Commodities are Weak
While most of the precious metals have recovered because of the weakness in the dollar, industrial commodities have had a rough time over recent weeks and even months. The price of iron ore has dropped from over $90 per ton in late February to just under $55 last week. Copper has moved from $2.84 earlier this year to under $2.60, and many other nonferrous metals that trade on the London Metals Exchange have moved lower alongside the red metal. The price of oil has dropped below the $50 per barrel level, and lumber futures have declined from $414 to $355 per 1,000 board feet since April.
Many industrial commodities prices have turned south as optimism about increased demand from infrastructure rebuilding in the US and the potential for a pickup in economic conditions in China has turned to pessimism. The prices for industrial commodities have moved to the downside as reality has replaced optimism.
The Inverse Relationship is Not Working Well
Industrial commodities prices began to fall in late February and early March of 2017. One of the best indicators of the health of global demand for raw materials is the price action in the Baltic Dry Index.
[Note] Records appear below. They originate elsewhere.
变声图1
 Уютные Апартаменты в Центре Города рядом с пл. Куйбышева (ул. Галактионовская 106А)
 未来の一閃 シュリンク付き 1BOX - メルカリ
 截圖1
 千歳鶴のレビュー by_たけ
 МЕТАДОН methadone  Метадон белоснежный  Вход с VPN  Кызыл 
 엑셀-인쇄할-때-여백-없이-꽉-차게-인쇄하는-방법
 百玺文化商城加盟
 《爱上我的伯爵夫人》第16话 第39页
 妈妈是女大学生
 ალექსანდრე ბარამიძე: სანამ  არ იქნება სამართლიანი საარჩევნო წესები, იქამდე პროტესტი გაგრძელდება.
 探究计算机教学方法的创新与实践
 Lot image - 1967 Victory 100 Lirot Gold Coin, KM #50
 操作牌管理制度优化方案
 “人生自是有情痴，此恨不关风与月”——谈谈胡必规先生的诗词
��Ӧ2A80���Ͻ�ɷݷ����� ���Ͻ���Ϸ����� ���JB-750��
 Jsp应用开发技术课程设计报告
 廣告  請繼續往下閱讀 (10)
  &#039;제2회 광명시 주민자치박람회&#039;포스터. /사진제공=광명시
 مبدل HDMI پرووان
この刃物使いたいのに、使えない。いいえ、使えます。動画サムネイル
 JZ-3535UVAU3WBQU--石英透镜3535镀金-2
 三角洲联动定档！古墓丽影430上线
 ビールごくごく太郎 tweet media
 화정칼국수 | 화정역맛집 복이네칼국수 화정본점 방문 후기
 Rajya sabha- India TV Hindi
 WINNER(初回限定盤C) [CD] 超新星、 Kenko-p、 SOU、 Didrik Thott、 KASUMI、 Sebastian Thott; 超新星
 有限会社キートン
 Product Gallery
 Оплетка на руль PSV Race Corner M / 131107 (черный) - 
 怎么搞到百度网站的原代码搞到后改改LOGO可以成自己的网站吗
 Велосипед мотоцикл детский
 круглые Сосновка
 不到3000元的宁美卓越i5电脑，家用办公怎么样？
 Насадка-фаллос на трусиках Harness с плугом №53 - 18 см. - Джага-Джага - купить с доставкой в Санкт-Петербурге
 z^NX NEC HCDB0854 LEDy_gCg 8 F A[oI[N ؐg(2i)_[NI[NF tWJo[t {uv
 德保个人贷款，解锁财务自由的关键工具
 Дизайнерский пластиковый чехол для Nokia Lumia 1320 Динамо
The index peaked in late March at 1,388 and has since dropped to 850 as of June 1. The decline of 38.8% in a little over two months is representative of the weak demand for raw materials. Over the same period, the dollar index has dropped from 99.965 to the 97 level; the weaker dollar has done little to support commodities prices over the past two months.
A Move below Support on the Dollar Index Could Light a Fire under Some Commodities
The next test for the dollar index will come at just below the 96 level on the June futures contract.
The monthly chart shows a downtrend, and it may be just a matter of time before the dollar finds itself below support and moving to levels not seen before the Presidential election in the US last November. A breakdown in the dollar has the potential to ignite commodities price over coming weeks as many have declined into oversold conditions and are waiting for a reason to correct and consolidate.
The traditional relationship between the dollar and commodities prices has not been working in the case of industrial commodities since March. However, a new low in the greenback could lead many raw materials to stop in their bearish tracks over the weeks ahead.